Originally, I had thought that it would be cool to watch The Man burn from Pigdog Camp Central. I thought that we were far enough away that we could see it from some perspective and see the scale of everything as it happened.

I was very wrong.

Part One: Gerlach or bust
Part Two: Naked yoga
Part Three: Piss Clear
Part Four: Ishtar
Part Five: Pizza in the desert
Part Six: The Man Burns
Part Seven: Hangover Camp

what's he doin'?

What is 'Snatcher doing?

We trekked out from Binky and MAJ’s encampment across the playa to the place where The Man stood. The only stops were to piss and to smoke illicit substances, but even these times the group never stopped. We simply allowed one of us to fall behind for a few minutes and catch up later.
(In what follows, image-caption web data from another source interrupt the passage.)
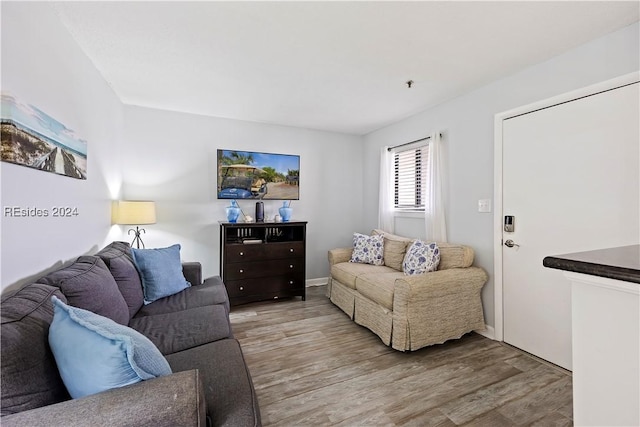 living room featuring hardwood / wood-style floors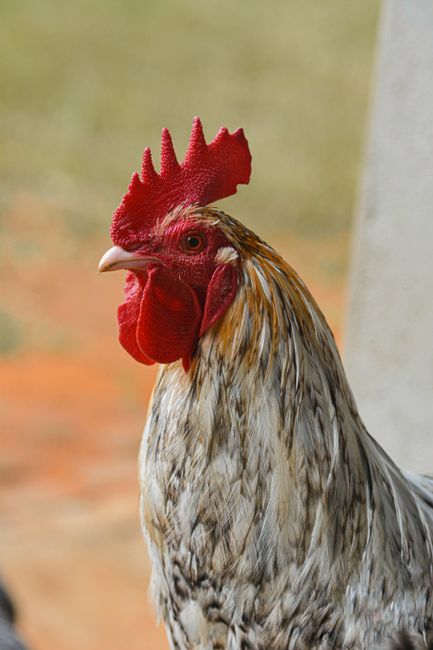 Detailed close-up of a rooster with vibrant plumage and red comb, standing outdoors. — Rooster of Barcelos, Portugal.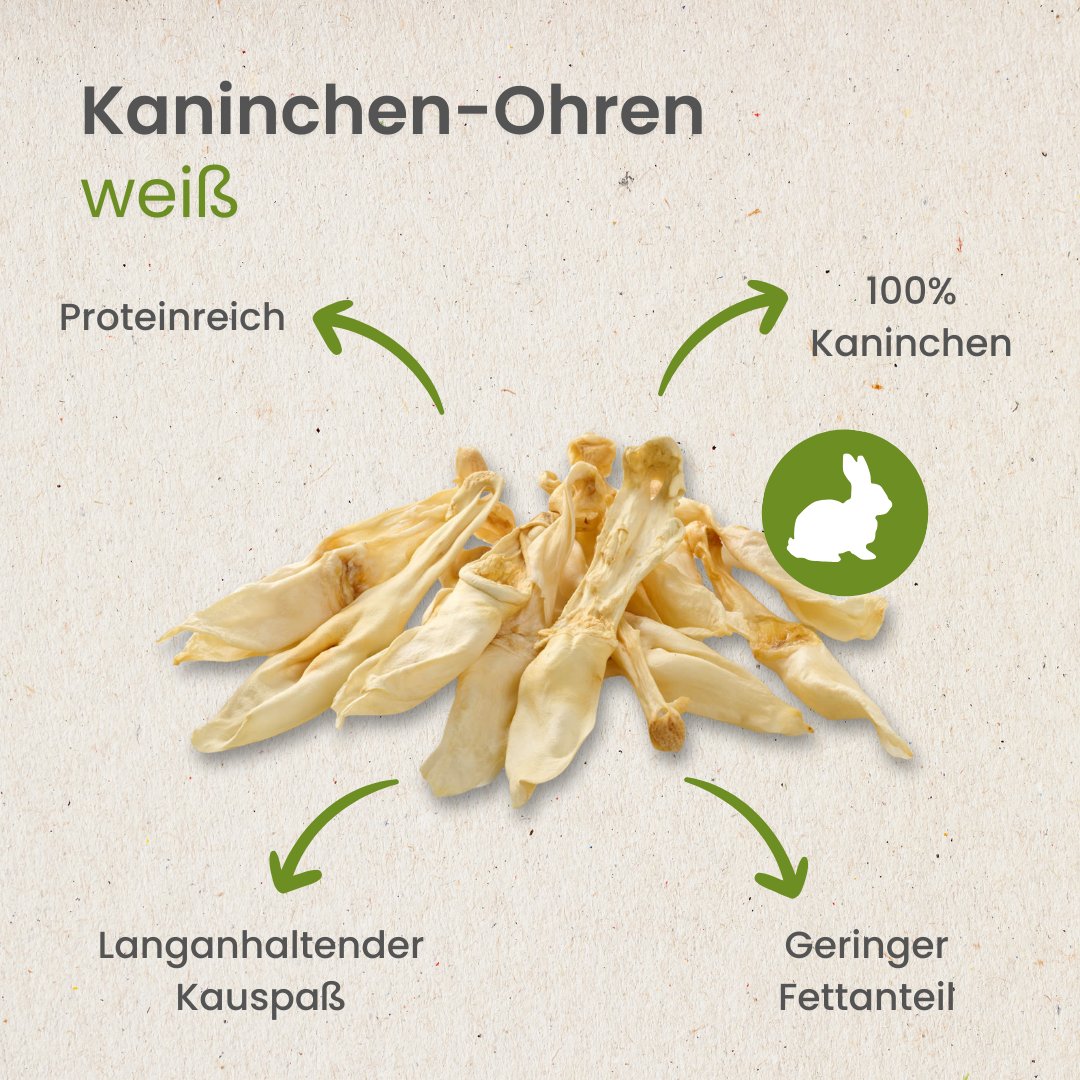 Kaninchen-Ohren, weiß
In the time it took for me to untie my monk pants and loose my crystal-clear piss, then retie the drawstring behind my back, The Pigdoggers hadn't gone anywhere, but had simply grown smaller by some strange trick of perspective. It was a simple trick to follow the beacon of the red-shaded flashlight Tjames stole from the Mitchell Brothers’ Theater as it shined toward the heavens from his back pocket.

 There was already a sparse crowd gathered around a loose perimeter encircling The Man. We couldn’t get a hay bale to sit upon, but found a good spot between two bales and had a front-row seat for the festivities.

whee!  lights!

Tjames & Splicer make art

While we waited for everything to start, I discovered that my camera could be set to shutter speeds over one second. I sent Tjames out with his flashlight to wave it around while I took a sixteen-second exposure. Cool. I took several more long exposures of the bicycles and people moving past wearing flashing lights and glowstrings and carrying torches. I made a few of these, and thereafter my camera batteries died.

I was able to take a few more shots, but this essentially retired me from photography for the evening.

A very appealing young woman came up and asked if she could sit in front of ’Snatcher and Ed and Tjames. I half expected them to gruffly wave her away, but instead they made a bit of room, and she came up and sat next to me.

Her name was (and I assume still is) Marga, as well as I could hear over the din. By this time a procession of torch-bearing costumed and naked people had come out prancing and dancing. I commented on how dejected I was that I had run out of batteries. Marga told me that it was probably better; that Burning Man is more fun when you participate instead of observe. This was a concept I was beginning to grok, but I was nonetheless disappointed. Just as I had discovered how to make something new out of my tools of observation, they disappeared.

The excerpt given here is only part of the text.